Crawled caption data

━━━━━━━━━━━━━━━━━━━━

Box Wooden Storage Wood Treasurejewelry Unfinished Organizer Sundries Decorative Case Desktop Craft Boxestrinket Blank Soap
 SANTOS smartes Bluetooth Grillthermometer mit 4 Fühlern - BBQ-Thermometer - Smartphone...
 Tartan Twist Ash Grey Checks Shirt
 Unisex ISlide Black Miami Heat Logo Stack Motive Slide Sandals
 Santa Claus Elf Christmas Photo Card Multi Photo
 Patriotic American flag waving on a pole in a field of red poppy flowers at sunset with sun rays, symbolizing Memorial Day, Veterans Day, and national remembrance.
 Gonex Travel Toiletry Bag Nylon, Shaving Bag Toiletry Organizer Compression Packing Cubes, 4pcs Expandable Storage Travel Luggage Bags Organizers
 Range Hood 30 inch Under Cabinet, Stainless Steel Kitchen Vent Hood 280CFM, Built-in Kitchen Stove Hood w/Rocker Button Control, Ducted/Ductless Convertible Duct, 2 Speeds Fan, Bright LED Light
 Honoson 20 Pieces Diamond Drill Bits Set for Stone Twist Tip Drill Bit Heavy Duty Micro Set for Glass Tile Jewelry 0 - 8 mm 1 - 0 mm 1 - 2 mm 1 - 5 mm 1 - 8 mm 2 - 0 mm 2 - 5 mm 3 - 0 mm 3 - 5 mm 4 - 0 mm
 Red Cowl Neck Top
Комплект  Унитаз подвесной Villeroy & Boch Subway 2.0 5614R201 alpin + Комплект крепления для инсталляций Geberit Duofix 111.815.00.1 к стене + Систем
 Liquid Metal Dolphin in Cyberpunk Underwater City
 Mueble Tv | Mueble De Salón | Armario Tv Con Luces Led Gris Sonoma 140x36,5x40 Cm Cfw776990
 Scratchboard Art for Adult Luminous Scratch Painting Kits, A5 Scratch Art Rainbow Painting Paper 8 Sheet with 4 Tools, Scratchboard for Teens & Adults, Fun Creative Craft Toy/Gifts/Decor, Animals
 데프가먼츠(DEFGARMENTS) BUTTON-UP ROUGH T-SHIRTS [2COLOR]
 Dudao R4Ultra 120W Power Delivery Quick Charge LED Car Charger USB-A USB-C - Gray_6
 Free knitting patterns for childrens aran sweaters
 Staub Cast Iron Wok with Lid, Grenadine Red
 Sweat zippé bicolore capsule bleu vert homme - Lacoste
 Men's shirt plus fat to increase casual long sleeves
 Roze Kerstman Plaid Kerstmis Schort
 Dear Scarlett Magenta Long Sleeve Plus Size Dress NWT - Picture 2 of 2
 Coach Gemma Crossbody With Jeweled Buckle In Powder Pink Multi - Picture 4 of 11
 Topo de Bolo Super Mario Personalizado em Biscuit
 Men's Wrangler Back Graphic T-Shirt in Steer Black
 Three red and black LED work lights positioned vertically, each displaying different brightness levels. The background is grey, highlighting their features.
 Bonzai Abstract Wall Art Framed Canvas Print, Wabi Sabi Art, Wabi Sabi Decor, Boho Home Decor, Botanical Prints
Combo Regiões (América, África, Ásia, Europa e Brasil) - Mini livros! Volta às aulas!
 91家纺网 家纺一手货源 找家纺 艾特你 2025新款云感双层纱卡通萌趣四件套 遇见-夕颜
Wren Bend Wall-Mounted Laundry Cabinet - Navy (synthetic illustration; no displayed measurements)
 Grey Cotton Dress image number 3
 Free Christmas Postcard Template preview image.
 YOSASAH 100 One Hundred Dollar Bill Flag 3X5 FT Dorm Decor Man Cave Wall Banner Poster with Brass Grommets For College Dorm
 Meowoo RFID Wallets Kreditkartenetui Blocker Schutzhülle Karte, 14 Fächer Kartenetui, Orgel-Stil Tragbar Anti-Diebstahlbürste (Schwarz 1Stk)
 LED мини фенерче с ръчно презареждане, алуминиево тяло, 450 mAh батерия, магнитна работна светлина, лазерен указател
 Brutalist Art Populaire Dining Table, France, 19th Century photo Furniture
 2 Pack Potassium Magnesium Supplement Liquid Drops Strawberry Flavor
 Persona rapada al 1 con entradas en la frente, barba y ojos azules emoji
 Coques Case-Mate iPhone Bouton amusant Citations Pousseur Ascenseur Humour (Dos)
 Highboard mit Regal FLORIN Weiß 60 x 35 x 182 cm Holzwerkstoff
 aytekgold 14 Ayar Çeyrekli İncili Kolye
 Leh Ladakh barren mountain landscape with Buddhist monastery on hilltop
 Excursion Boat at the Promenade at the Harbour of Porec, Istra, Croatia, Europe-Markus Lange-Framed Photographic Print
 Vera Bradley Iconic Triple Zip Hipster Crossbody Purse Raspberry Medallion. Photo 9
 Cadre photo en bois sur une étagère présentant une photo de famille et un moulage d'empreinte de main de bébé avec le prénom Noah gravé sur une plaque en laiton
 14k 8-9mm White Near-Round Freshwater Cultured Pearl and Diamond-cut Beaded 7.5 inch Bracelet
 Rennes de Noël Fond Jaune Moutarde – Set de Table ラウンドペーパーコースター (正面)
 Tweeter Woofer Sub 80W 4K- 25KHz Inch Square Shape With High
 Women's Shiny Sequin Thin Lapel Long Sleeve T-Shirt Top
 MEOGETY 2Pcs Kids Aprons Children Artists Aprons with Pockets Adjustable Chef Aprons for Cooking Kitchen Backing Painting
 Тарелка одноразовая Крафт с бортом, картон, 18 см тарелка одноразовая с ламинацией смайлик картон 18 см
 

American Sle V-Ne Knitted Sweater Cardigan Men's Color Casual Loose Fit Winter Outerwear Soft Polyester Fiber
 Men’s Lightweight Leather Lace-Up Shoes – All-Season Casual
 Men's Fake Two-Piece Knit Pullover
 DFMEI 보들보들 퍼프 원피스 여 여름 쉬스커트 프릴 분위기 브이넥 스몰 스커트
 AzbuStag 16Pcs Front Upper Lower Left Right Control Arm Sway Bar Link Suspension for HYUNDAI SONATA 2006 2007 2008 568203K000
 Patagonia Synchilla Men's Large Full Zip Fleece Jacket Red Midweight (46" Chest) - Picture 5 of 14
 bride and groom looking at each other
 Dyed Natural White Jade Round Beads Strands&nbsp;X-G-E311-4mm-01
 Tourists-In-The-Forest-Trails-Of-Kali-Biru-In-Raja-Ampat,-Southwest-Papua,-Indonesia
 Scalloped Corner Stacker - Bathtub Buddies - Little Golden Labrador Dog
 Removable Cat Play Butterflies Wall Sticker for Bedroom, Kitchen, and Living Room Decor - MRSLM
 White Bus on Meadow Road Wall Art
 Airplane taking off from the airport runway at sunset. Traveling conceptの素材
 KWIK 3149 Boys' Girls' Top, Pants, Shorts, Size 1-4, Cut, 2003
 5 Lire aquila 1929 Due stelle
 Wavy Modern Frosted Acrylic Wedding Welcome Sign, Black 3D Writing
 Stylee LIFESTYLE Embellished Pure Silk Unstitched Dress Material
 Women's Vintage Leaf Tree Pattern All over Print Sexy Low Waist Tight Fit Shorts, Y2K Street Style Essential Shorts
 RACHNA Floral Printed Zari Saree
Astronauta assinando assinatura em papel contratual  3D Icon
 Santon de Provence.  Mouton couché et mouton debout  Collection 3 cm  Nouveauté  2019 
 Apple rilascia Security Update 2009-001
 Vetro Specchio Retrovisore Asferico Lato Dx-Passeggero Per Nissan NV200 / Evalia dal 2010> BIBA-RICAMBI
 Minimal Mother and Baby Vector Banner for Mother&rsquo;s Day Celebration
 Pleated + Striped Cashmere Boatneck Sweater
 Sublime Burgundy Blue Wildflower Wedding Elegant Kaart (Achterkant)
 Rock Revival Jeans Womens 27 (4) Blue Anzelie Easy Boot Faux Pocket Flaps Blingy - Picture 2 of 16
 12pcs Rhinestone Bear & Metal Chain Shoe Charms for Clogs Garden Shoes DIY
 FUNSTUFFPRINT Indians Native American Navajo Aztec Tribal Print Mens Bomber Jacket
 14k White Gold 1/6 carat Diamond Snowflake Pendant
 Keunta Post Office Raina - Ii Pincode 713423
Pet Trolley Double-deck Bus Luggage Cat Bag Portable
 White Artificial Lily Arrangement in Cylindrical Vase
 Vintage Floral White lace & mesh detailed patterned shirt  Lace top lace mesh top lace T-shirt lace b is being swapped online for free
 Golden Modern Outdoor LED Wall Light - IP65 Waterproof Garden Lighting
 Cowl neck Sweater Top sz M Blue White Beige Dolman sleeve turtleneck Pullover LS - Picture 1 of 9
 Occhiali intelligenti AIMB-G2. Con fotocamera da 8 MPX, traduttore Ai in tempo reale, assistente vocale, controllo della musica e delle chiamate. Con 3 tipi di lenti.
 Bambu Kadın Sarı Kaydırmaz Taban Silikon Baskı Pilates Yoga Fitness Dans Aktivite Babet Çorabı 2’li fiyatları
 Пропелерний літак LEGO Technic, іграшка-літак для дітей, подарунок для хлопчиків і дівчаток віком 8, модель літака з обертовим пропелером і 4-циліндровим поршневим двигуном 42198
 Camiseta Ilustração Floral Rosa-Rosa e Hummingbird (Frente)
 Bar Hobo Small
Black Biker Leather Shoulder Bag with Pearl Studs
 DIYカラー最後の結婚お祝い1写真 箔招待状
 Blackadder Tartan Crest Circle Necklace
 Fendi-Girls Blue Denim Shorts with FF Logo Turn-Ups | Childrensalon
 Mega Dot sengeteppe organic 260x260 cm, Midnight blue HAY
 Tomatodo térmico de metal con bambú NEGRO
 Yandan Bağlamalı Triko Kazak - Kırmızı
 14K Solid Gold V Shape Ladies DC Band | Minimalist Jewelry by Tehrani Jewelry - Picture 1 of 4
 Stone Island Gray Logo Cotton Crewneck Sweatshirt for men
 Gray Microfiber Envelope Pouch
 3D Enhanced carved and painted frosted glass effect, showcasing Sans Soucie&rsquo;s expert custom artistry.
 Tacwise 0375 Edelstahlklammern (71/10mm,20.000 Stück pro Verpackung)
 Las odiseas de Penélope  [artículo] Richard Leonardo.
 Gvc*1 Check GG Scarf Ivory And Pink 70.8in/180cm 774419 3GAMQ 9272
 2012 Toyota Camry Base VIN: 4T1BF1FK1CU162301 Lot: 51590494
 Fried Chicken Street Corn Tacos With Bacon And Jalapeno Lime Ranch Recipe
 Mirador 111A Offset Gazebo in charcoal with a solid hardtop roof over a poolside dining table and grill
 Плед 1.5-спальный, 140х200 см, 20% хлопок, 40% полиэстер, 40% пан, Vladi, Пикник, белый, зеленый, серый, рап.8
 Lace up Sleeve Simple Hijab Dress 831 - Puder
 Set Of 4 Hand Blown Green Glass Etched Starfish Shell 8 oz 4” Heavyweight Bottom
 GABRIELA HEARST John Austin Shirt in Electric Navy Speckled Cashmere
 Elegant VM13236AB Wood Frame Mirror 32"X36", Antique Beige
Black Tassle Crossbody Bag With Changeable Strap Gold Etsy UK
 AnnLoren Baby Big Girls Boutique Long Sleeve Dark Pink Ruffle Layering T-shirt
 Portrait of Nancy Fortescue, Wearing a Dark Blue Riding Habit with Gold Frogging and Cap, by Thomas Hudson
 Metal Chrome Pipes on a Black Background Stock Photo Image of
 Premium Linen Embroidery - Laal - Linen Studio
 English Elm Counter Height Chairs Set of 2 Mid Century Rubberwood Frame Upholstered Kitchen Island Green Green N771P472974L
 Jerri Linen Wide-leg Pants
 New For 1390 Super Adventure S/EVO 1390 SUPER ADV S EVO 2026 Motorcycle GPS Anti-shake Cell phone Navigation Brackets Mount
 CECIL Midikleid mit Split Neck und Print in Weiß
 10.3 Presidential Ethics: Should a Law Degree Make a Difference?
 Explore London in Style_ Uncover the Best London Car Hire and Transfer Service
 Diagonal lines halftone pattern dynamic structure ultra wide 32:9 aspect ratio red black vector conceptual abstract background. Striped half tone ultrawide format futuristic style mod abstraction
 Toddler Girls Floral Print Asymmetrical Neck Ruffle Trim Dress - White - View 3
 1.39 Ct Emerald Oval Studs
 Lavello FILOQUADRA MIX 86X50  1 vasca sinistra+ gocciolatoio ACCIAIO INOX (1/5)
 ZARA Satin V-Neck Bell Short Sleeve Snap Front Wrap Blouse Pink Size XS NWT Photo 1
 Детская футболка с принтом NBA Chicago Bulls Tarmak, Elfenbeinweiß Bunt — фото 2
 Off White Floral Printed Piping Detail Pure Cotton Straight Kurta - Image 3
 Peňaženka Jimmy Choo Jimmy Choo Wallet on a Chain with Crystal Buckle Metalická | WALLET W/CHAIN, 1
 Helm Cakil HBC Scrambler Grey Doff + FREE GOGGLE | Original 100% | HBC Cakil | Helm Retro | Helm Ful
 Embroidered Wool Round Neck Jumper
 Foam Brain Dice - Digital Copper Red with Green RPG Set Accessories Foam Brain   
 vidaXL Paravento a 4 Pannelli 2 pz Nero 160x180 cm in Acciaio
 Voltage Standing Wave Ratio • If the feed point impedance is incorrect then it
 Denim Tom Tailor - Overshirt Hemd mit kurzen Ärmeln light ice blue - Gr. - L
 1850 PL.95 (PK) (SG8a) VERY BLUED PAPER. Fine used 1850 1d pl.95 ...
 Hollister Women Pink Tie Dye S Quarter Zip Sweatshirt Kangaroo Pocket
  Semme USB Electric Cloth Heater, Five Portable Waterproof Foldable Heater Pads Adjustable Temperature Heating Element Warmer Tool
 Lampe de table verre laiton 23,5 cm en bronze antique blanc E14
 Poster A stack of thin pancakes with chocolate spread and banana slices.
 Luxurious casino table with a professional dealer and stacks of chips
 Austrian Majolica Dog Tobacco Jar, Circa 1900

━━━━━━━━━━━━━━━━━━━━

## ABOUT THIS TASK
Give back, word for word, only the lines above from the line holding "Patriotic American flag" to the line holding "Red Cowl Neck Top", both included.

## EXERCISE RESULT
 Patriotic American flag waving on a pole in a field of red poppy flowers at sunset with sun rays, symbolizing Memorial Day, Veterans Day, and national remembrance.
 Gonex Travel Toiletry Bag Nylon, Shaving Bag Toiletry Organizer Compression Packing Cubes, 4pcs Expandable Storage Travel Luggage Bags Organizers
 Range Hood 30 inch Under Cabinet, Stainless Steel Kitchen Vent Hood 280CFM, Built-in Kitchen Stove Hood w/Rocker Button Control, Ducted/Ductless Convertible Duct, 2 Speeds Fan, Bright LED Light
 Honoson 20 Pieces Diamond Drill Bits Set for Stone Twist Tip Drill Bit Heavy Duty Micro Set for Glass Tile Jewelry 0 - 8 mm 1 - 0 mm 1 - 2 mm 1 - 5 mm 1 - 8 mm 2 - 0 mm 2 - 5 mm 3 - 0 mm 3 - 5 mm 4 - 0 mm
 Red Cowl Neck Top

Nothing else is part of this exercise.